Invoking God at best highlights what we cannot yet explain about the physical universe, and at worst exploits that ignorance to mystify. Moral values do not come prepackaged from God, but have to be worked out by human beings through a combination of empathy, reasoning and dialogue. This is true of believers, too: they, after all, have to decide for themselves which values in their holy books they accept and which ones they reject. And it is not God that gives meaning to our lives, but our relationships with fellow human beings and the goals and obligations that derive from them. God is at best redundant, at worst an obstruction. Why do I need him?


Susan Blackmore -- Psychologist and author
What reason for belief could I possibly have? To explain suffering? He doesn't. Unless, that is, you buy in to his giving us free will, which conflicts with all we know about human decision-making.

To give me hope of an afterlife? My 30 years of parapsychological research threw that hope out. To explain the mystical, spiritual and out-of-body experiences I have had? No: our rapidly improving knowledge of the brain is providing much better explanations than religious reasoning. To explain the existence and complexity of the wonderful world I see around me? No - and this is really the main one.

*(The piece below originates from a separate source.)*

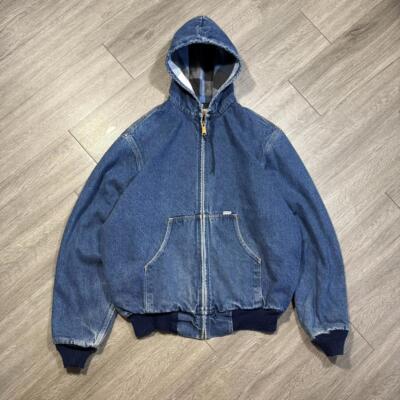 Carhartt デニムフードジャケット/vintage/USA Carhartt/カーハート デニムフードジャケット 80年前後 (USED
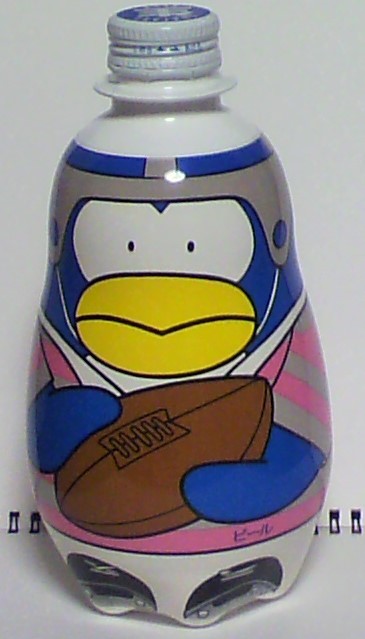 サントリー　ペンギン型　ビール空きボトル　1.2L 　ラグビー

God is supposed (at least in some versions of the story) to have created us all. Yet the Creator (any creator) is simply redundant. Every living thing on this planet evolved by processes that require no designer, no plans, no guidance and no foresight. We need no God to do this work. Where would he fit in? What would he do? And why? If he did have any role in our creation, he would have to be immensely devious, finickity, deceitful and mind-bogglingly cruel, which would be a very odd kind of God to believe in. So I don't.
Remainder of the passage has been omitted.